Third, I would pay close attention to what the big players do with pricing over the next 90 days. If energy costs hit data centre operators the way analysts are projecting, the downstream effects will start appearing in Q2. That is not far away.
And finally, I would stop treating the current moment as a reason to slow down. The squeeze does not reward hesitation. It rewards clarity. Knowing what AI does for your business, knowing what it costs, and being ready to move when conditions change.
All the Zest 🍋
Cien
Cien Solon is a founder and AI transformation strategist working at the intersection of people, platforms, and power.
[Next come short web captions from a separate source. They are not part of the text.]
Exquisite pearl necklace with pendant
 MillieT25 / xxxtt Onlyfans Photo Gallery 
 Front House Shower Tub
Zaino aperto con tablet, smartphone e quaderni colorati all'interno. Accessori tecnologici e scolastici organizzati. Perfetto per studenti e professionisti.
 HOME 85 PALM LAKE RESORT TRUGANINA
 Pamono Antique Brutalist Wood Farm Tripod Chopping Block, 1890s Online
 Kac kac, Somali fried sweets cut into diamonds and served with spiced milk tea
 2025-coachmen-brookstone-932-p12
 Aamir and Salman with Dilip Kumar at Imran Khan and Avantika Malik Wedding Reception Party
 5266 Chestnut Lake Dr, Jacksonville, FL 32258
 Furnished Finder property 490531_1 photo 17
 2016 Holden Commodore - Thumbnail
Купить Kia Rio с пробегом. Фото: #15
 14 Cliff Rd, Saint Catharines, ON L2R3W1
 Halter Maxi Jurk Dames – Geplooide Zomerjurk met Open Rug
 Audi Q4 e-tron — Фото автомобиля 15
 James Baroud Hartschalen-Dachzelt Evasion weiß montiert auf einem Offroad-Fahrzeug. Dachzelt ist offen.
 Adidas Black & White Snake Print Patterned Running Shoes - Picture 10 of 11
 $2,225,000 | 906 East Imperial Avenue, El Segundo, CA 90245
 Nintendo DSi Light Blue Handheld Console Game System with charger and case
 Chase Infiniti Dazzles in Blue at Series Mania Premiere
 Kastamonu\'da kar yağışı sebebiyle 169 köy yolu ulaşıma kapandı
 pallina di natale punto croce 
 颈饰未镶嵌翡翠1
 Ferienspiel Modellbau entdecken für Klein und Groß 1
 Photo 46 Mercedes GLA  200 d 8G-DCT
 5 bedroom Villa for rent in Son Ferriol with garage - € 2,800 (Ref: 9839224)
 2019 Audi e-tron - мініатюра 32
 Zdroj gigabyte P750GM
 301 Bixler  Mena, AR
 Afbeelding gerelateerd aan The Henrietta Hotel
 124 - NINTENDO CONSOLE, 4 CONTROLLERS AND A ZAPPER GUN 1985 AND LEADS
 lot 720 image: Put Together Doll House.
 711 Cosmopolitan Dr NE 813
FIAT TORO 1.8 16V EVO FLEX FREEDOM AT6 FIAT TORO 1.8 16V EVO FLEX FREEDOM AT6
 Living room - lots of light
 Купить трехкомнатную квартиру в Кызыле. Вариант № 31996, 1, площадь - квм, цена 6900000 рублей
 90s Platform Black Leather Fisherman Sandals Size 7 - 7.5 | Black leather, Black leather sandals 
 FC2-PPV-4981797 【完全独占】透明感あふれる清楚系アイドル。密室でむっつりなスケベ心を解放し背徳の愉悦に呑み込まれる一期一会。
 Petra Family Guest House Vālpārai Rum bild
Through LaunchLemonade, she helps organisations design AI systems that are dependable, governable, and human-centred.
Sources and further reading
How soaring oil prices caused by the Iran war impact costs — Al Jazeera
Iran war threatens prolonged impact on energy markets — Al Jazeera
Economic impact of the 2026 Iran war — Wikipedia
Gasoline prices still rising as Iran war stretches into third week — NPR
How will the Iran conflict impact oil prices? — Goldman Sachs
Hormuz closure pushed LNG up 60% and is making AI compute more expensive — Abhishek Gautam
Why the Iran war may have just killed the AI boom — OilPrice.com
Iran conflict: oil price impacts and inflation — Morgan Stanley
Electricity prices will keep rising on AI data centre demand — CNBC / Goldman Sachs
US data centres’ energy use amid the AI boom — Pew Research Centre
Nvidia GTC 2026: 5 biggest takeaways — TechRepublic
Nvidia GTC 2026: Jensen Huang sees $1 trillion in orders — CNBC
Nvidia GTC 2026: 8 takeaways from Huang’s analyst meetings — Constellation Research
Meta stock climbs on report of planned layoffs to offset AI spending — CNBC
Meta planning sweeping layoffs as AI costs mount — CNBC / Reuters
Atlassian slashes 10% of workforce to self-fund investments in AI — CNBC
An important update on our team — Atlassian
Apple will spend more than $500 billion in the US over the next four years — Apple Newsroom
Tech layoffs in first 74 days of 2026 — IBTimes



Never a better time for enterprise to get their data in shape and skinny down everything. Considering organizations have 400 times the data they need, and 87% of data is never touched past the point of creation, your analysis points to an incentive I don’t think many companies are considering right now.